Surgem várias perguntas desta inovação de comunicação de Mário Centeno, mas há uma que ressalta imediatamente: Se o Banco de Portugal já publica vários documento de análise económica, muitos deles protagonizados pelo próprio governador, e se há agora uma publicação anual com assinatura de Centeno, qual é a posição que conta, qual é a projeção que deve ser levada em conta? Dito de outra forma, se dizem a mesma coisa, qual é a necessidade de haver dois modelos de comunicação? E se dizem coisas diferentes, em qual devemos acreditar? Seria, aliás, interessante saber qual é a posição do Departamento de Estudos Económicos do Banco de Portugal sobre esta comunicação e também dos outros membros do conselho de administração.

Regra geral, a melhor explicação é a mais simples: Centeno está a usar o Banco de Portugal para fazer política, mas isso tem um preço, a fragilização das instituições. Seja para preparar a candidatura a Belém (os auto-elogios do que foi feito entre 2015 e 2020 chegam a ser constrangedores), seja para abrir espaço para outros voos que o calendário também favorece, por exemplo a Comissão Europeia ou até a comissão executiva do BCE, esta inovação, chamemos-lhe assim, põe o governador acima do Banco de Portugal, põe uma instituição ao serviço de Centeno.

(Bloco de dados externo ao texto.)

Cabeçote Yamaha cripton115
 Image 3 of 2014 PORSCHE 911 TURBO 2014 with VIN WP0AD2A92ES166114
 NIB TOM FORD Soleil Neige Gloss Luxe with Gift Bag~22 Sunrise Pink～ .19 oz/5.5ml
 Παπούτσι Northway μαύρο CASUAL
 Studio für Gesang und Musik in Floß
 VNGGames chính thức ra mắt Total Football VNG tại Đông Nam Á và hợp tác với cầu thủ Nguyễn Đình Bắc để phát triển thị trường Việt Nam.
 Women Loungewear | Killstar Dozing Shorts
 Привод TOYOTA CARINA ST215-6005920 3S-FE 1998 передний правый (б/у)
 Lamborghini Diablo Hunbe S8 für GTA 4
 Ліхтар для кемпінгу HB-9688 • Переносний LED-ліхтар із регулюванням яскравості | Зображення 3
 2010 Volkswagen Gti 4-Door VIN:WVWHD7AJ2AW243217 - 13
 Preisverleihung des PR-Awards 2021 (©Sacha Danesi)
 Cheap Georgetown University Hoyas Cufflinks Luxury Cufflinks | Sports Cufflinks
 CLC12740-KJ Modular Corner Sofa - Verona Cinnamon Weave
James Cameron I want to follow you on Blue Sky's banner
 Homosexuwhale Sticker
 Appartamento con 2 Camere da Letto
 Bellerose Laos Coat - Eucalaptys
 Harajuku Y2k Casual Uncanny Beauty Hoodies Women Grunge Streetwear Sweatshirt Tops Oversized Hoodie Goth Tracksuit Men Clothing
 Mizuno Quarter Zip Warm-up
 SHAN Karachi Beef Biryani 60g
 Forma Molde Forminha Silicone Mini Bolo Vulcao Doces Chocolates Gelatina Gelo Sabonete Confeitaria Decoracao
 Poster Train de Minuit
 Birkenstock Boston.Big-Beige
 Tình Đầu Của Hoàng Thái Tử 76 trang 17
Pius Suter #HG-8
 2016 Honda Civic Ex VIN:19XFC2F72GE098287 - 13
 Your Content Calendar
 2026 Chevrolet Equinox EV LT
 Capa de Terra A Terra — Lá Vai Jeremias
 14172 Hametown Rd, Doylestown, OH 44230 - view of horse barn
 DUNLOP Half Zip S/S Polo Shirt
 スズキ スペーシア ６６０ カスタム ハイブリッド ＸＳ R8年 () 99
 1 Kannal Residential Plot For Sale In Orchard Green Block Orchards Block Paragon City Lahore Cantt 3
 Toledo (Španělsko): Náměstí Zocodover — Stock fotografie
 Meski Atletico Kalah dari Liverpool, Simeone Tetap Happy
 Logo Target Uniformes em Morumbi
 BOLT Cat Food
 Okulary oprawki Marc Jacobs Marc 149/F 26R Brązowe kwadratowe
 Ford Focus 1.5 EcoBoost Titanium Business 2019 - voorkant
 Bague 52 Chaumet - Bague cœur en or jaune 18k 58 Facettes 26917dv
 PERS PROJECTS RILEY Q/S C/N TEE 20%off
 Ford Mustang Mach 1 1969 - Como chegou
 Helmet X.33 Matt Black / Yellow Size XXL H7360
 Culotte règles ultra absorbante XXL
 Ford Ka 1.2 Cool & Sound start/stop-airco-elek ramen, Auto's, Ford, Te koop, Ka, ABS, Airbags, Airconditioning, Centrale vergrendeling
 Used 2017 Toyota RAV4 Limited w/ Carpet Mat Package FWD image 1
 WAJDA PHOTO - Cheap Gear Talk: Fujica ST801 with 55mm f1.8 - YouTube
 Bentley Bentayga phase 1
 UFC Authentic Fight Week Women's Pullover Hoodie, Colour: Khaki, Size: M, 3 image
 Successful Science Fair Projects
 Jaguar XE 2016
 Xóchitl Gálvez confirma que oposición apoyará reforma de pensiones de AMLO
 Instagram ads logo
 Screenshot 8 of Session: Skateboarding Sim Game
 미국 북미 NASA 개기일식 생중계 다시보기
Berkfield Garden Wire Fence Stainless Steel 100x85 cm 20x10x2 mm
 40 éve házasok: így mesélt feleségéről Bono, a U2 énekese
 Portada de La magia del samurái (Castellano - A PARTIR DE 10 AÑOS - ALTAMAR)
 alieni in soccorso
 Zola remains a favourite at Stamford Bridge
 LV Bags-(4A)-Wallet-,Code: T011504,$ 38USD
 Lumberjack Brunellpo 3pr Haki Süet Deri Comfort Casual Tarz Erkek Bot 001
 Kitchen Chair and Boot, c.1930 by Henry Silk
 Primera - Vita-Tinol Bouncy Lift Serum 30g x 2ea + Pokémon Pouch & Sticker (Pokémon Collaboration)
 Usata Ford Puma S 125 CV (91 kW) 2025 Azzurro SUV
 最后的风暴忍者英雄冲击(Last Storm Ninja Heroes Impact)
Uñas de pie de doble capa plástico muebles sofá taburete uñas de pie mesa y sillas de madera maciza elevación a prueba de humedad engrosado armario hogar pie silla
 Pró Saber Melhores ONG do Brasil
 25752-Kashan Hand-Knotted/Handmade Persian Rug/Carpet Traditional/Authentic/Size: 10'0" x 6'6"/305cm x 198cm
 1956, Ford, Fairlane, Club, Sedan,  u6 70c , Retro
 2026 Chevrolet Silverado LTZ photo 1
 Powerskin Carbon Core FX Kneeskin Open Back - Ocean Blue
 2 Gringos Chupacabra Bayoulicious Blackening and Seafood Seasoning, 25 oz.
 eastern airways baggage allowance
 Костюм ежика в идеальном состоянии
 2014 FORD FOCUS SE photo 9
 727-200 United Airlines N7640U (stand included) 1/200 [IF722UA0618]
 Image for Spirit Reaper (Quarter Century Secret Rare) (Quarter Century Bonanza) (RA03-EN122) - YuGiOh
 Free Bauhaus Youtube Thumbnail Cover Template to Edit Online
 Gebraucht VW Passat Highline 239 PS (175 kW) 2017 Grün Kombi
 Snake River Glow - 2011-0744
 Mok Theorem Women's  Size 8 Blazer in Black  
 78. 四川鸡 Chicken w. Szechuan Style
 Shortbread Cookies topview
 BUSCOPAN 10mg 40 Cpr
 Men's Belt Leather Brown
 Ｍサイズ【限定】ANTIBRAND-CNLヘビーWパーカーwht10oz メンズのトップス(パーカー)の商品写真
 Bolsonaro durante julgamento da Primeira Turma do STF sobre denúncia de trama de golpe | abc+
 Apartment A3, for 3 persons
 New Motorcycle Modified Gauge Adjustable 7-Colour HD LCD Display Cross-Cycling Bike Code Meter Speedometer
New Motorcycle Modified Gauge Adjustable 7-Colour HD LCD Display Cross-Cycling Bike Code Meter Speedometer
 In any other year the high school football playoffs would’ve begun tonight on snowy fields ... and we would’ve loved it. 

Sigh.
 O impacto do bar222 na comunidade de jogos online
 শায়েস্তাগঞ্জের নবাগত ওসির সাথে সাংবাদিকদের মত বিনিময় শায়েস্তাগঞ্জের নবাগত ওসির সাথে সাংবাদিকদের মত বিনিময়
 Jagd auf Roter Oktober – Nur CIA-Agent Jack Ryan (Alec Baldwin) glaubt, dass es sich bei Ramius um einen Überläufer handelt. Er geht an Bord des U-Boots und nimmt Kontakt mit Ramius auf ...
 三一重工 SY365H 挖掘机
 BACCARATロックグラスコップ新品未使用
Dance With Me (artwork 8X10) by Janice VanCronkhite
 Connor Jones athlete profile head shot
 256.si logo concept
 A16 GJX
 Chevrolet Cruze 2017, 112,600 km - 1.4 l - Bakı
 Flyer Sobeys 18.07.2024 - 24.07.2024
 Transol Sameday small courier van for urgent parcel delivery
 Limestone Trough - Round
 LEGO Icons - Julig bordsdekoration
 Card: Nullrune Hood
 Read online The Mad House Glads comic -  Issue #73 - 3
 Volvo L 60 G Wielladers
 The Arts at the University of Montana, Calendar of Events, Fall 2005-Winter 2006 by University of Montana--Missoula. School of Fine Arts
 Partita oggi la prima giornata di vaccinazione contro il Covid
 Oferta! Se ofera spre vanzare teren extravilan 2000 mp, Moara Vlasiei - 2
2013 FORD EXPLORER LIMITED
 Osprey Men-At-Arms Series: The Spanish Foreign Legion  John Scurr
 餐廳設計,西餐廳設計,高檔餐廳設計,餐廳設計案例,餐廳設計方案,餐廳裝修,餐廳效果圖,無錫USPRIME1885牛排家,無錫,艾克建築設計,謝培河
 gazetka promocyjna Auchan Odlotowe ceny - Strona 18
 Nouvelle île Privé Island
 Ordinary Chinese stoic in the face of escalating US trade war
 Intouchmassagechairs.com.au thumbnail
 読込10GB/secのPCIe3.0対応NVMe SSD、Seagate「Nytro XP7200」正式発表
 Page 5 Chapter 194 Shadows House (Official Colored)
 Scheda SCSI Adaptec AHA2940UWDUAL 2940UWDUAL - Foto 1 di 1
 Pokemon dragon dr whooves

Carlos Costa geria o Banco de Portugal de forma colegial, Mário Centeno transformou o Banco de Portugal numa instituição unipessoal. Não existe mais ninguém (talvez apenas o chefe de Gabinete Álvaro Novo, uma espécie de vice-governador-sombra). O conselho de administração é um órgão morto.

Isso pode ser muito útil no curto prazo, para o próprio e para o Governo, porque as ambições de Centeno dependem sempre de Costa, mas são um enorme problema para o país, para a independência do Banco de Portugal e também para a governadora que se seguirá (a atual vice-governadora, Clara Raposo, se a atual legislatura de Costa for até ao fim).

Portanto, Mário Centeno tem a obrigação de clarificar o que quer fazer no futuro próximo — no mínimo como o fez Marques Mendes — para que não subsistam dúvidas sobre a condição em que o governador toma posições públicas ou sobre as próximas análises do próprio Banco de Portugal.